In general it seems as though the feelings towards the Bowl Championship Series are negative. Year after year there are debates as to who is the true #1 in the country when you have teams at the top who may have the same record yet one team is chosen over another to represent their school in the national championship game.

The same can be said with the Rose Bowl, Sugar Bowl, Orange Bowl and Fiesta Bowl. Who should truly be playing in these games? Is it necessarily fair that a mediocre UConn team gets to play in a BCS game over Wisconsin who plays in a tougher Big Ten conference?

According to Gene Wojciechowski of ESPN.com some big changes may be coming to the BCS very soon.

Now these changes aren’t a playoff system that many are screaming for but Wojciechowski writes that the BCS may only be in charge of the National Championship Game rather than the Rose Bowl, Sugar Bowl, Orange Bowl, Fiesta Bowl and the Championship Game.

The proposal also would eliminate automatic BCS bowl qualifying status currently given to the six major conferences. All conferences would be free to make their own deals with the 34 other existing bowls.

The reconfigured BCS would undergo significant change relative to its present revenue sharing system, too.

“There’s a lot of stuff being thrown at the wall,” said one official who attended the meetings. “I think the people in the room really want to get it right. They’re tired of getting beat up. So you’ll probably see us go slow on this one.”

The most radical of those ideas is also the least complicated: the BCS would be responsible only for creating a national championship between the two top teams in the country.

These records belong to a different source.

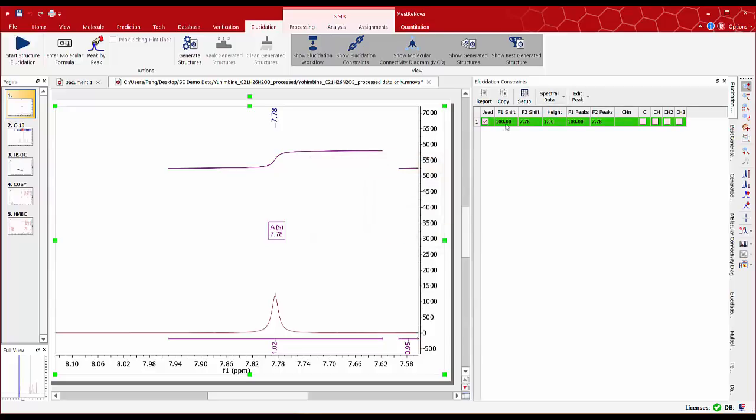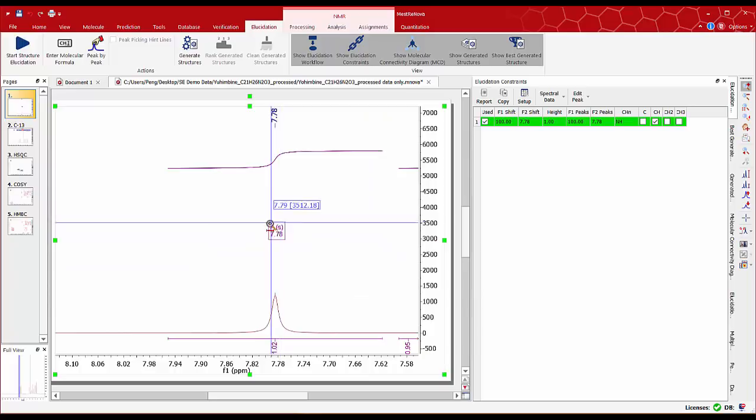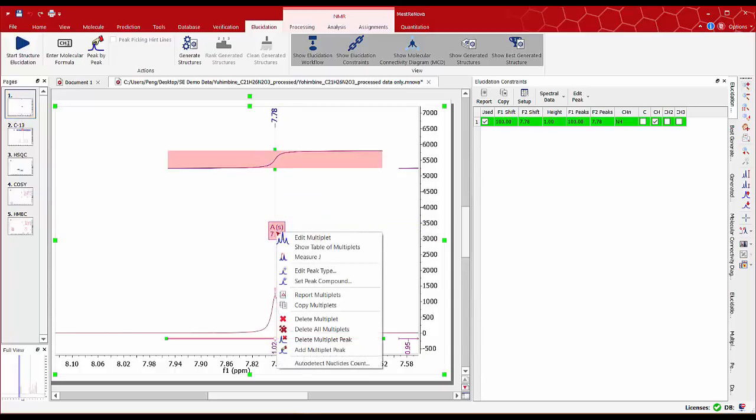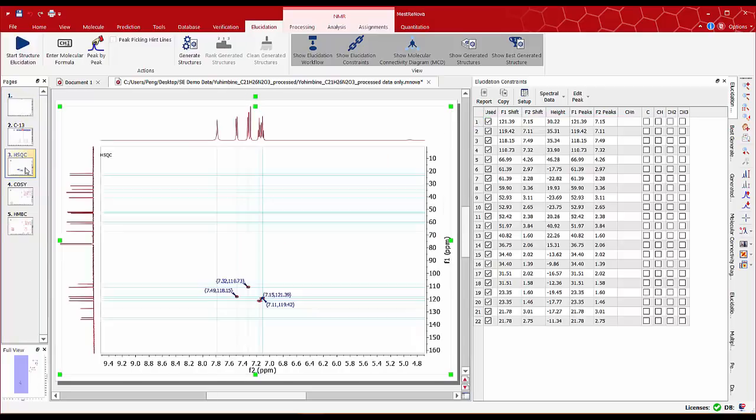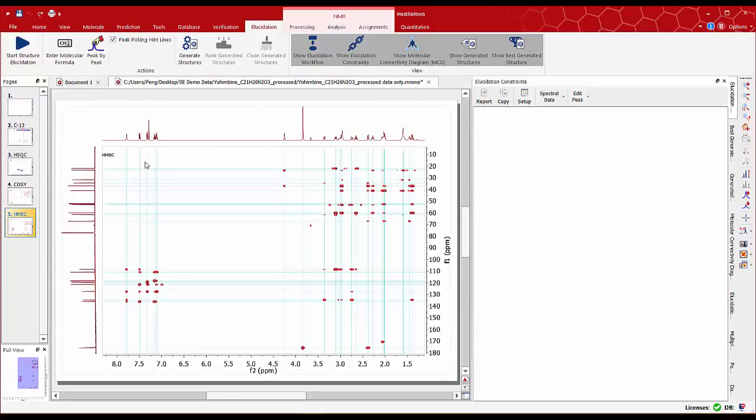The elucidation constraint table shows the row in green for this proton. We can tick the box corresponding to the group with one proton. To avoid confusion it is important to delete this multiplet at 7.78 ppm from the 1D spectrum. Otherwise we may obtain two chemical shifts for this group on the HSQC and HMBC spectra which can cause problems with the structures generation.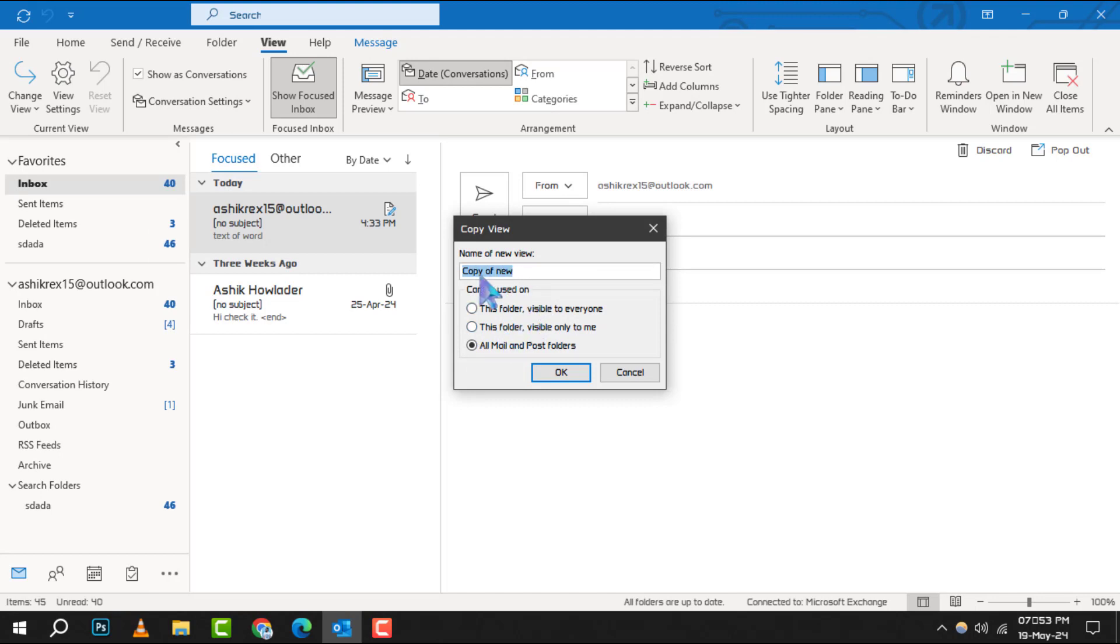Next, you'll be prompted to name your new view. Choose a name that makes sense to you and click OK to proceed.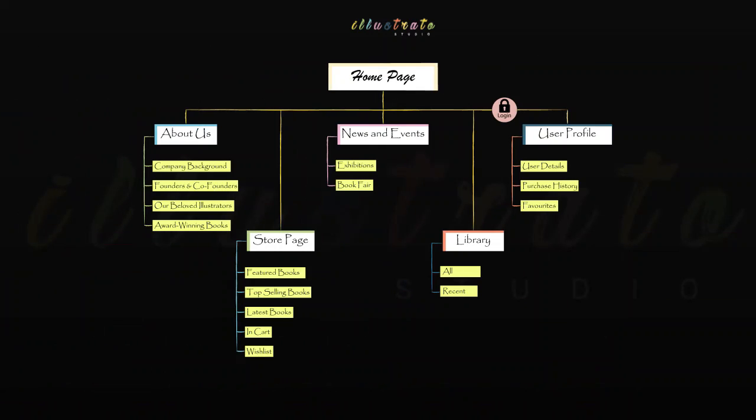This is the sitemap of the Illustrator Studio website. From the homepage itself, it leads to five different webpages which are About Us, Store Page, News and Events, Library, and User Profile.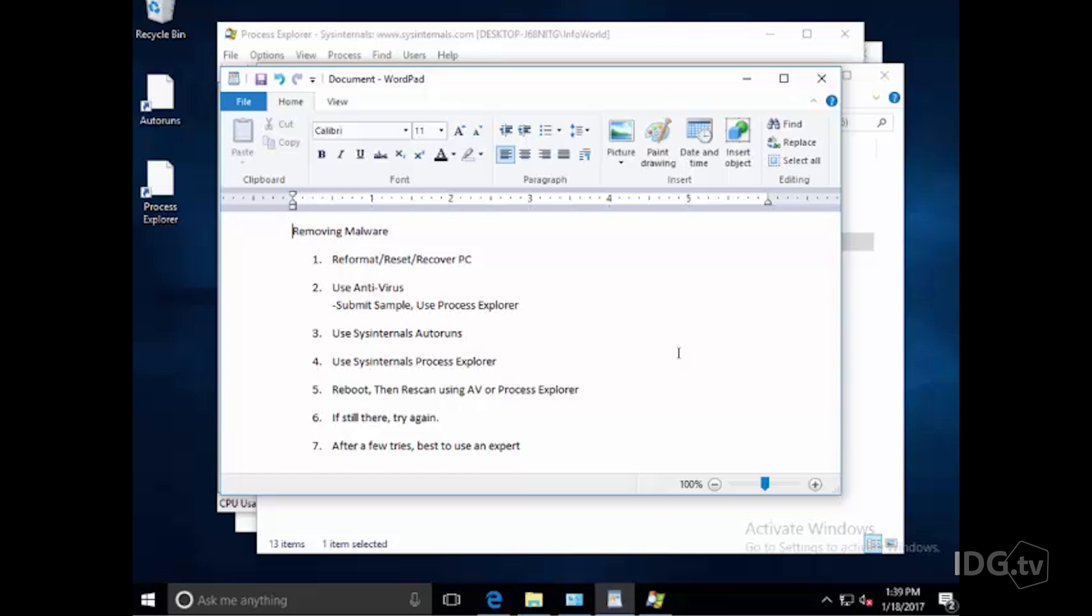And if it's still there, try again. Sometimes it'll take me two or three shots overall to get rid of everything. And then if that doesn't work, if you've tried a couple of times and rebooted a couple of times and that program is still seeming to live and fighting you, maybe it's best to use an expert. Well, thank you for your time and I wish you good luck. And feel free, if you have any questions, you can send them to me at Roger underscore Grimes at InfoWorld.com.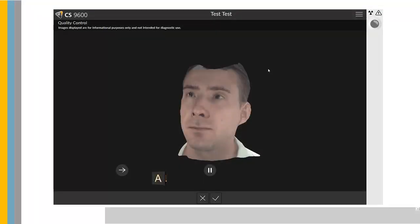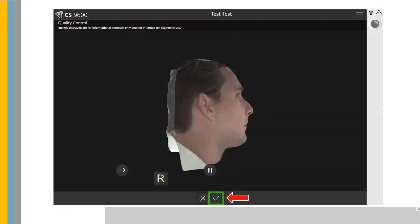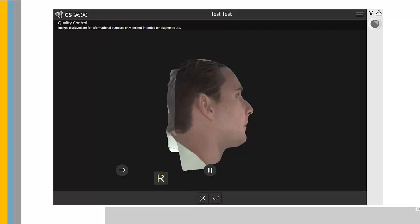When the acquisition ends, the acquired image appears on your screen. Check the image quality. If you are satisfied, select Validate. The image is automatically transferred to the imaging window. If you are not satisfied, select Discard and relaunch the acquisition with the remote control.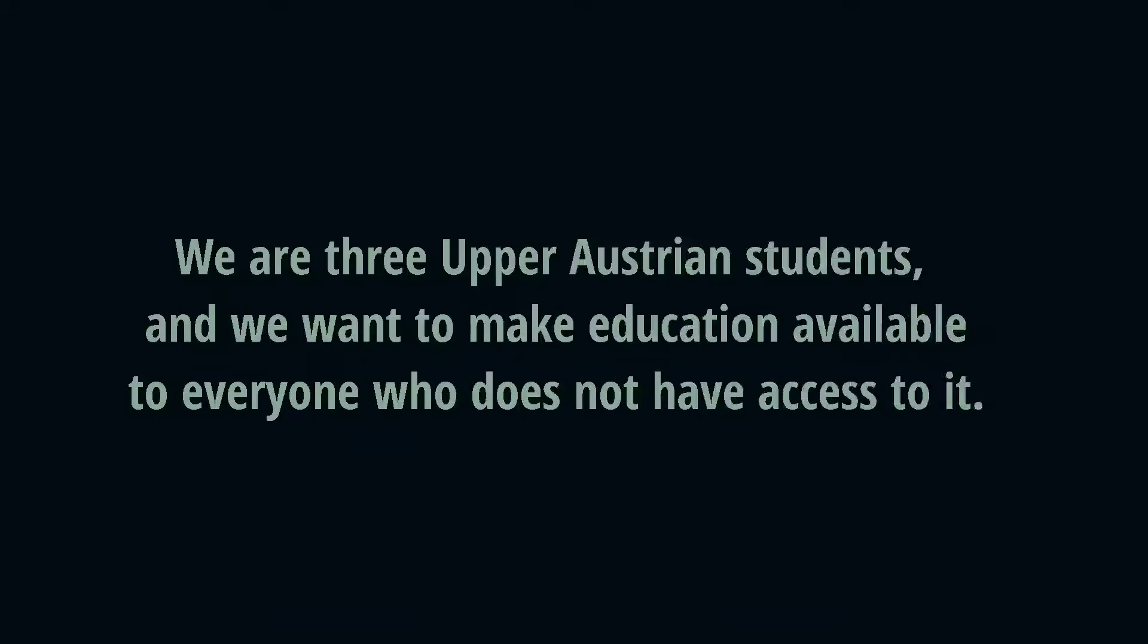Hi, we are three upper Austrian students and we want to make education available to everyone who does not have access to it. This is our reason why.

In addition to this, the winners of the BCS conferences (Big Ten, Pac-12, Big East, SEC, ACC and Big 12) will not gain automatic bids to BCS games if these changes were to take place.

Instead, Wojciechowski writes that in theory all schools part of the 11 FBS conferences including the independents would have an equal opportunity at the beginning of the year to reach the National Championship. And by eliminating the automatic qualifying clause, BCS officials hope that conference realignment and expansion — in some cases, done in hopes of securing AQ status — would subside.

This new format may also open the bidding to host the National Championship game.

So when will this ultimately take place? Possibly in 2013 when the current BCS cycle ends.